High consumer debt levels, possible interest rate increases within about a year, historically low savings rates and talk of pension changes in Canada; the message is that Canadians need to change how they plan financially for retirement. Or more accurately, many people need to stop putting off actively planning for retirement.

In a recent poll, it was found that nearly half of Canadians are worried about how they’ll deal with their debts once they retire, so many are looking at if and when they can afford to retire completely. The same poll also found that:

  • 33% of respondents will be working at age 66 because they need to
  • 47% are worried about debt in retirement
  • 19% reported having difficulty controlling or managing debt

How to retire debt free.If you’re at least 5 – 10 years before retirement and you’re wondering if you can afford to retire, now is the perfect time to deal with your debts and get out of the habit of relying on credit.

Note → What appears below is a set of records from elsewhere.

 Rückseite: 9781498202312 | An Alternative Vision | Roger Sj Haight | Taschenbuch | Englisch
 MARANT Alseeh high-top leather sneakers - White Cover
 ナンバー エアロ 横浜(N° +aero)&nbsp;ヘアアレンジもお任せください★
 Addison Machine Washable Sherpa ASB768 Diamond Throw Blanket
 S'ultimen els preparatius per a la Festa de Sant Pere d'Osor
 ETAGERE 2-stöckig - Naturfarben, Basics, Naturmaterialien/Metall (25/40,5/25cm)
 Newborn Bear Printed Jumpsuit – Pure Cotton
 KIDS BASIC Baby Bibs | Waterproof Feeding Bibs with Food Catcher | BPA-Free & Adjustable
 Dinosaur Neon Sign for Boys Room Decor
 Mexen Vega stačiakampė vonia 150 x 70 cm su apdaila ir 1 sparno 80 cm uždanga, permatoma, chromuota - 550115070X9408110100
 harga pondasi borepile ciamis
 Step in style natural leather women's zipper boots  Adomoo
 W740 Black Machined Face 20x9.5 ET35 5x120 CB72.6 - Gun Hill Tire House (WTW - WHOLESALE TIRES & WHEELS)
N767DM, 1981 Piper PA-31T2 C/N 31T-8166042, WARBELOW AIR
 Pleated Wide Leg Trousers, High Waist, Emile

Tips to Make Retirement Debt Free

Start planning as early as you can

Pay off your credit cards, lines of credit and overdrafts. Carrying debt into retirement will limit your ability to stop working, to travel, to help your kids with your grandkids, and to manage health related costs. Right now interest rates are still low. Before they go up, look at what you can do to take advantage of the economic uncertainty and guarantee yourself some good results.

Plan to actually pay off your mortgage

Mortgage refinancing has become all too commonplace. You can’t go on refinancing your home indefinitely and when it’s no longer an option, it becomes a real possibility that you’ll be forced to sell your home. Avoid worrying that you’ll be faced with this decision by establishing a budget that lets you repay your debts before you retire, meets your routine monthly expenses and sets money aside for later.

Consider your lifestyle

Look for ways to spend on what’s truly important to you, not just to keep up with the Jones’. Avoid all-or-nothing choices. Spending, budgeting, paying off debt and planning for the future is best done with a balanced approach.

Share your plan with your family

If your kids depend on the bank of mom and dad, help them understand your decision to live within your means. They’ll appreciate it later when they don’t need to become your financial lifeline.

Sometimes it can be easier said than done, so if you don’t know where to start with building a budget that helps you plan for retirement, contact a financial planner who specialized in helping clients like you, or a non-profit Credit Counsellor (many of them are budgeting experts).